= Rufskin =

American men's clothing manufacturer

Rufskin is an American men's athletic, underwear, swimwear, sportswear and denim manufacturer headquartered in San Diego, California. Founded in 2002, the company is owned and operated by designer Hubert Pouches and president Douglas Coats.

==Company history==

Rufskin was created after Douglas Coats and Hubert Pouches relocated from France to Southern California. Originally hand-made and distributed from a residential location, the company has since expanded to several brick-and-mortar stores and maintains a heavy online presence. The company is known for its marketing towards the gay community, with provocative advertising and promotion within gay clubs and events. Pouches cites a desire to create clothing that is "sexy, futuristic, masculine and athletic". He also notes his inspiration came from working as a designer in France, also operating a modeling agency, where he met Douglas Coats. While well-received in the United States, Rufskin does especially well overseas, ultimately resulting in the opening of a European flagship store in Amsterdam for a period of time. To date, the brand is sold in various boutiques and retail stores around the world, including San Diego, Palm Springs, New York City, Miami and Amsterdam.

The company designs, manufactures and distributes exclusively from California.
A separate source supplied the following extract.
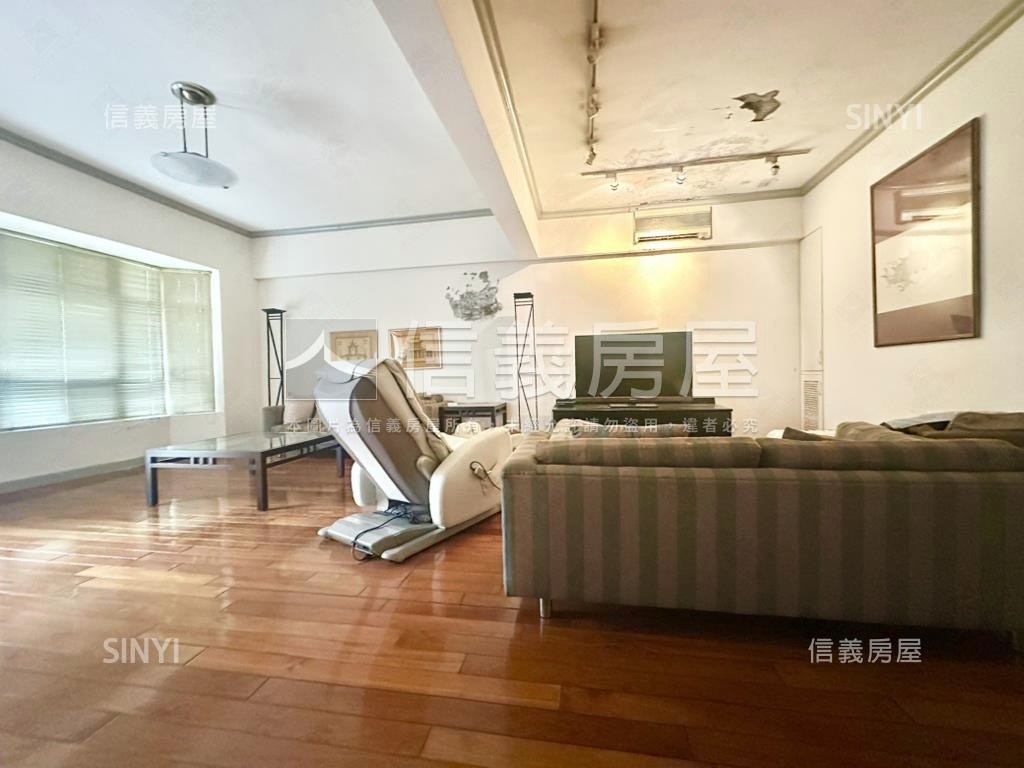 伯爵山莊五代三房車位房屋室內格局與周邊環境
While Rufskin focuses mainly on marketing its ready-to-wear apparel, the brand offers specialty leather goods such as jackets and custom-fitted pants.

==Advertising and collaborations==
Since the earlier days of its inception, Rufskin has enlisted various industry photographers to create what are often provocative and risqué advertising campaigns. Photographer Rick Day has used Rufskin brand apparel and models in several projects, including digital and print media.
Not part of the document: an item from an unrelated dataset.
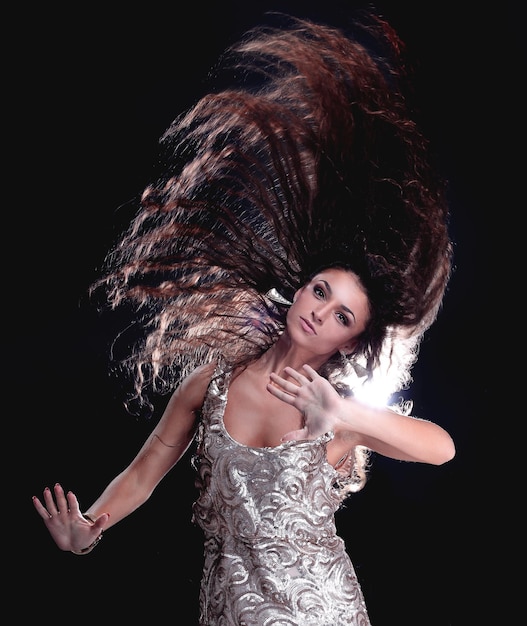 Портрет молодой девушки, танцующей с длинными темными волосами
Rufskin has had several successful international advertising campaigns, including a 2011 Golden Iris Reader’s Choice Award for Campaign of the Year on location in Brazil. In 2012 the company worked with Rick Day on the beaches of South Africa.

In February, 2015 the company collaborated with Tom of Finland to create an exclusive 15-piece collection. The collection was sold online via their website, and at company stores. Both Hubert Pouches and Douglas Coats have been fans of Touko Laaksonen, and have cited him as a source of inspiration since before starting the company.